Large technology companies are working hard to create their own metaverses and are not going to stop. However, regardless of whose version of the metaverse eventually wins, when this happens, the new environment will bring with it new privacy and security issues. It is possible that the cyber threats that humanity has been fighting for decades will only worsen with the advent of the metaverse.
Do not forget that the modern Internet is based on the so-called surveillance capitalism or surveillance capitalism. That is, the ability to monitor the activity of users on the Internet, analyze them, collect information about them and their preferences is at the heart of the business model of almost all major technology companies.
Another problem that will not go away with the arrival of the metaverse is software vulnerabilities that developers do not have time to properly fix, since it is more profitable for companies to bring the product to market as soon as possible, and the protection of user data goes by the wayside. As a result, widespread leaks are becoming so commonplace that users have no choice but to continue using the companies’ products.
At the same time, scammers will not disappear either. Phishing attacks or ransomware attacks, whatever it is, the police can rarely find the culprit, and if they can, the criminals will quickly “retrain”, or it will turn out that they work for the government at all. In both cases, it is extremely difficult to bring them to justice.

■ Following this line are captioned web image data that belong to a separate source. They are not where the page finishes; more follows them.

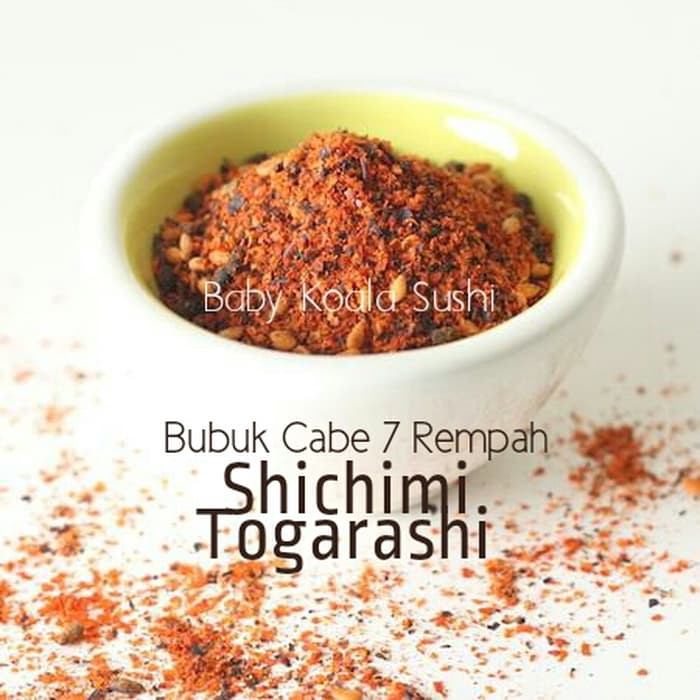 

HOT SALE SHICHIMI TOGARASHI | BUBUK CABE JEPANG 7 REMPAH SHARE SIZE 50 GRAM !!!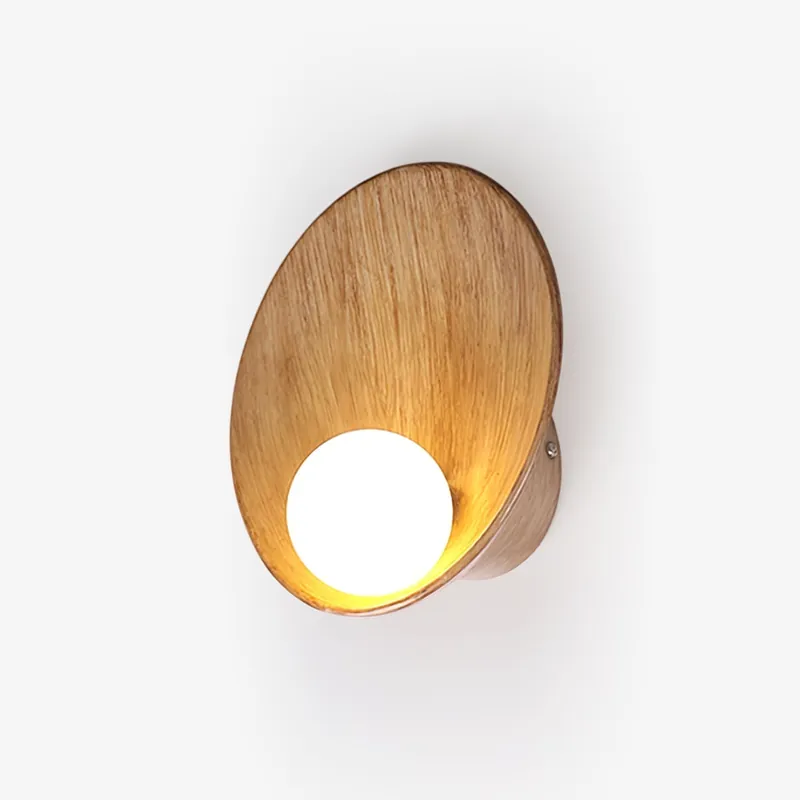 Ersila Wandlampe Harz Minimalistisch Modern
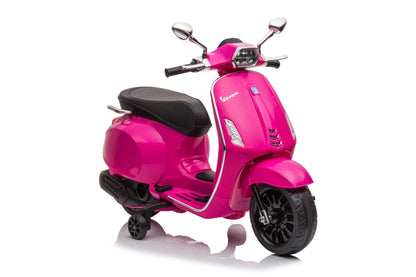 Vespa Sprint | Elektrische Kinderscooter - Roze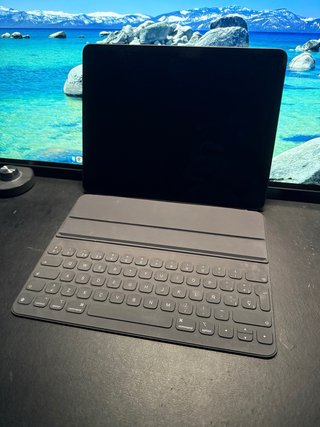iPad Pro 12.9 3ª Gen + Smart Keyboard Folio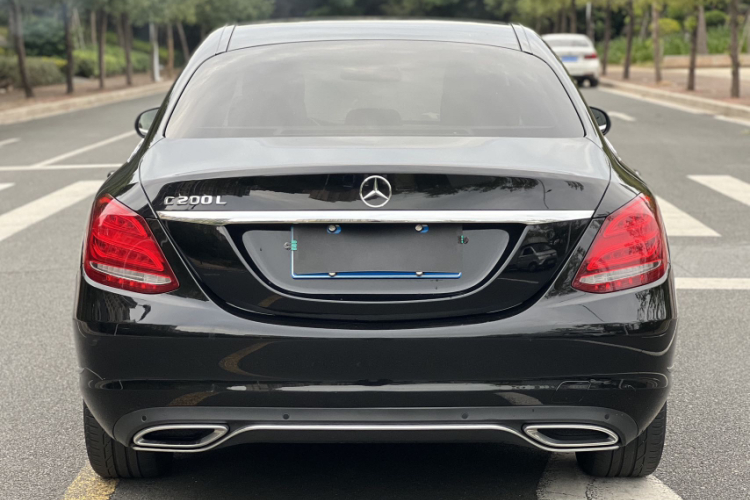 奔驰C级 2017款 改款 C 200 L车身外观6008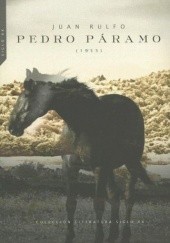 Okładka książki Pedro Páramo Juan Rulfo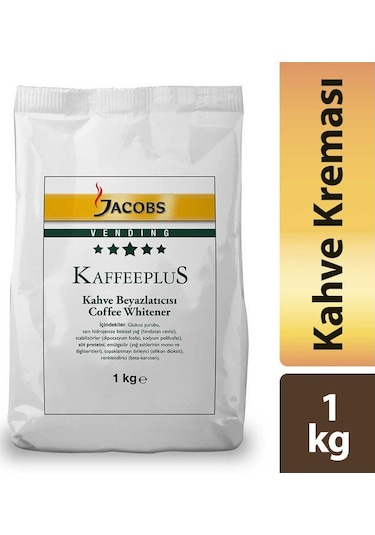 Jacobs Kaffeeplus Kahve Beyazlatıcısı / Süt Tozu 1kg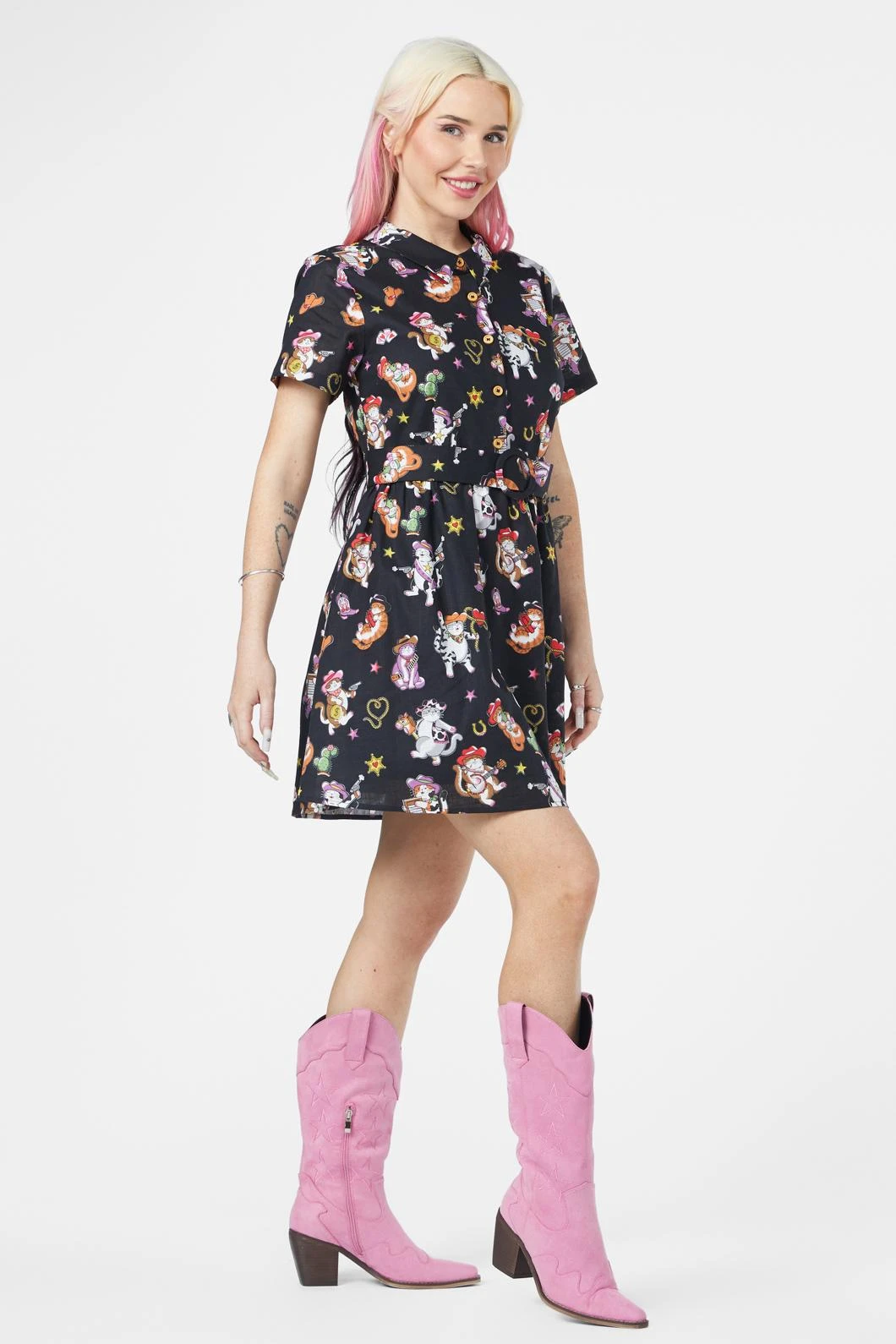 Meowdy Dress 10 Meowdy Dress - Image 8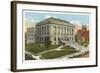 Courthouse, Akron, Ohio-null-Framed Art Print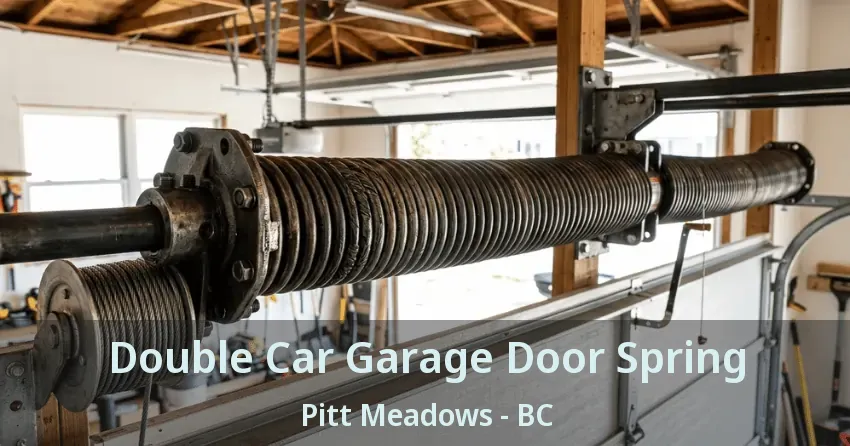 Double Car Garage Door Spring Pitt Meadows - BC Double Car Garage Door Spring Pitt Meadows - BC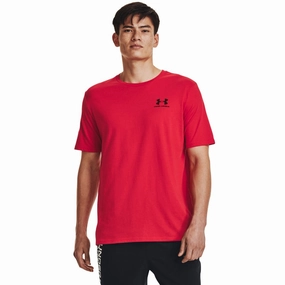 Relaxed Torso Fit UA Left Chest Logo T-shirt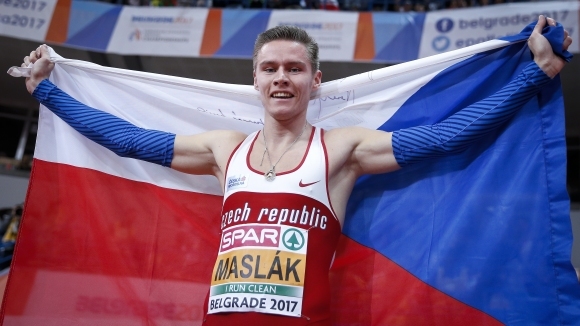 Някои от големите имена на чешката атлетика постигнаха силни резултати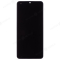 Дисплей для Samsung M325 Galaxy M32 (в сборе с тачскрином) (черный) (в рамке) (ORIG100) фото №1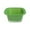 Green, variant on Large Plastic Drainage Basket for Kitchen Vegetable and Fruit Washing, Food Storage, Multi-Scenario Use, Durable and Easy-to-Clean Food Grade Draining Basket
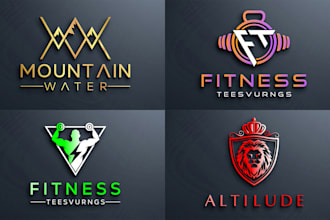 design a modern minimalist luxury logo for your business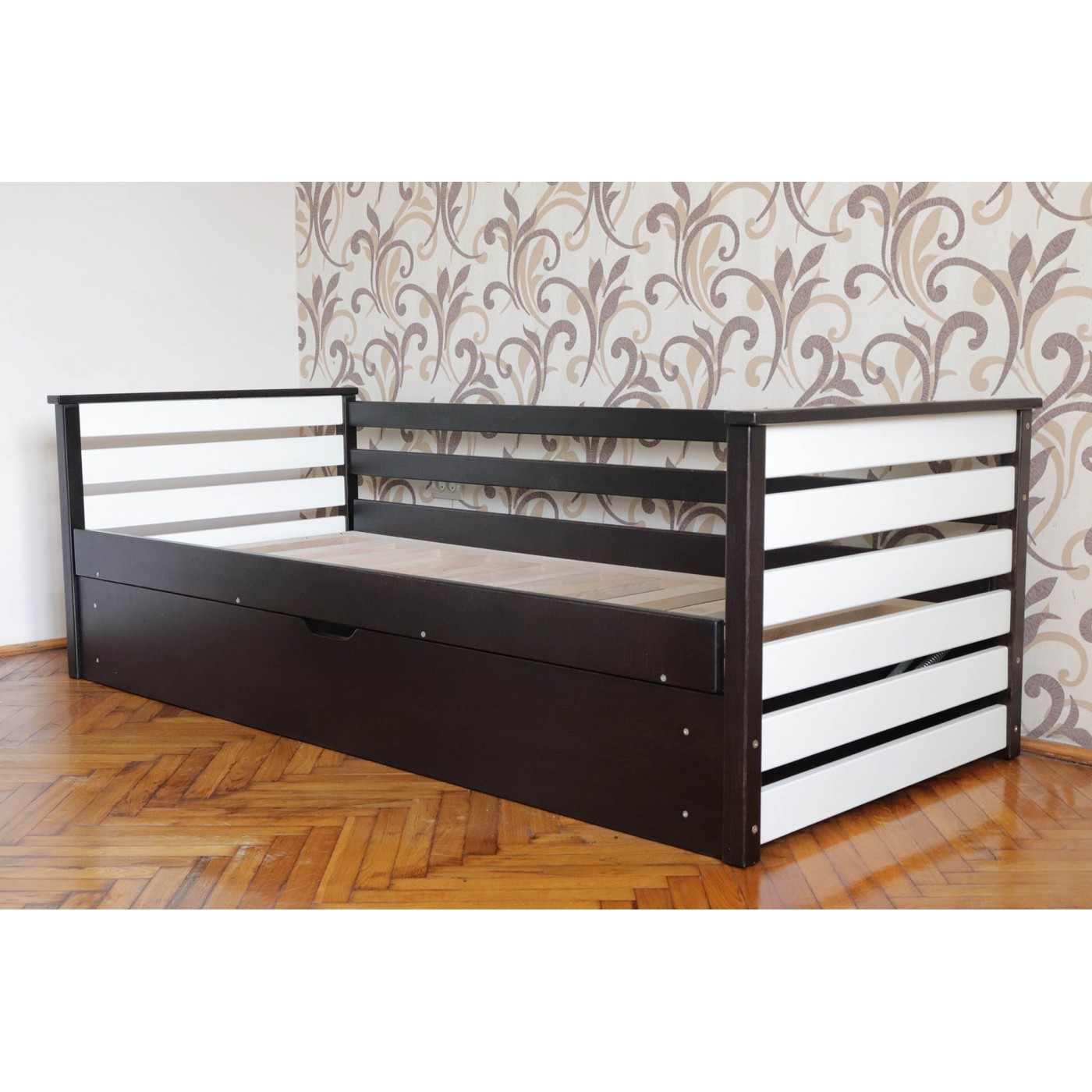 Кровать 1-спальная с подъемным механизмом Телесик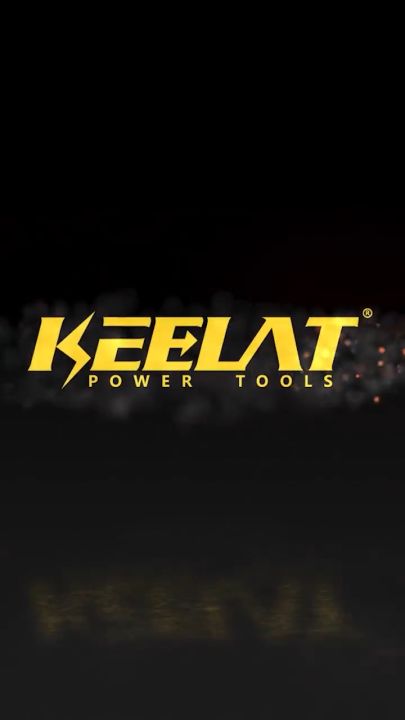 KEELAT Rotary Hammer Drill Heavy Duty Brushless Cordless Higher Power ...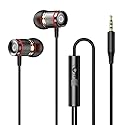 Zrengp Wired Earbuds Ultra Clear Calls & no Noise Headphones Ear Buds Wired 3.5mm / Type C in-Ear Earphones Powerful Bass with Mic Compatible…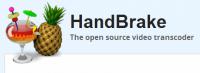 HandBrake 0.9.9 Windows - mac + x264  Presets THADOGG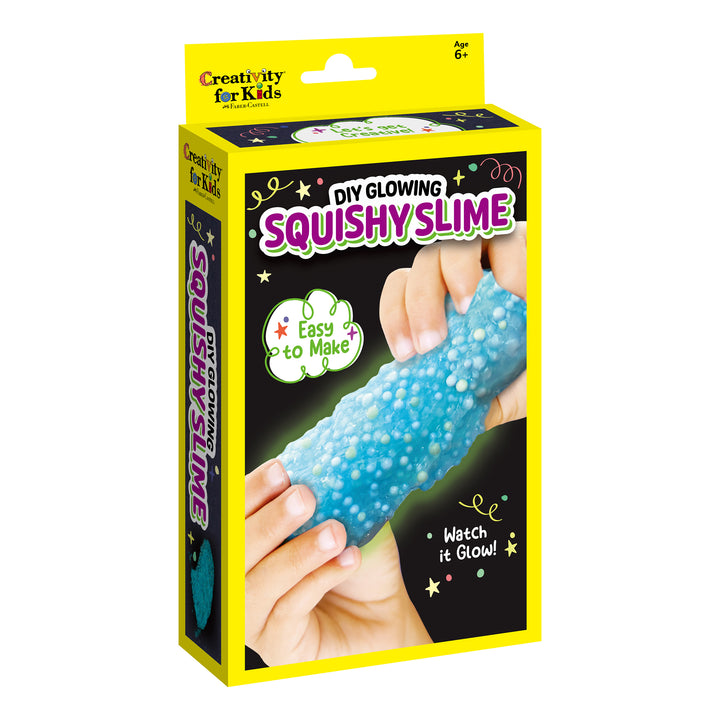 Faber-Castell Creativity for Kids Mini Kis DIY Glowing Squishy Slime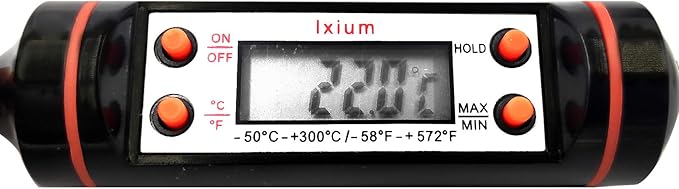 Digital thermomètre numerique sonde inox cuisson viande BBQ Barbecues maison cuisine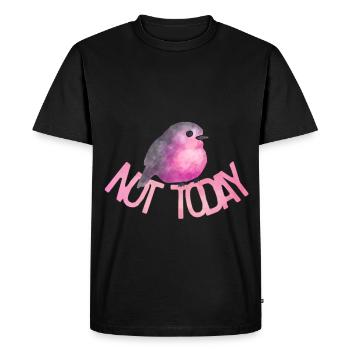 Pregnancy. I expectant mother, mothers day, mom - Men's Premium Organic T-Shirt - black - Front - Nico (187cm)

Large technology companies already know so much about people thanks only to the sites they visit. How much information will tech giants be able to collect when they have the opportunity to record almost everything that the user’s gaze stops at. This in itself is bad, but even worse is that the collected data tends to leak.
“The problems of the past and present Internet, identity theft, identity theft, social engineering, state espionage, inevitable vulnerabilities, all this will remain with us in the metaverse,” said Charlie Bell, executive vice president for security, compliance, identity and governance at Microsoft.
And this is just the beginning. There will be other risks associated with the physical representation of users in the virtual world.
However, if you think about it, the metaverse will make all these threats much more obvious, and as a result, technology companies will be forced to fix problems, including those that have been turned a blind eye for a long time.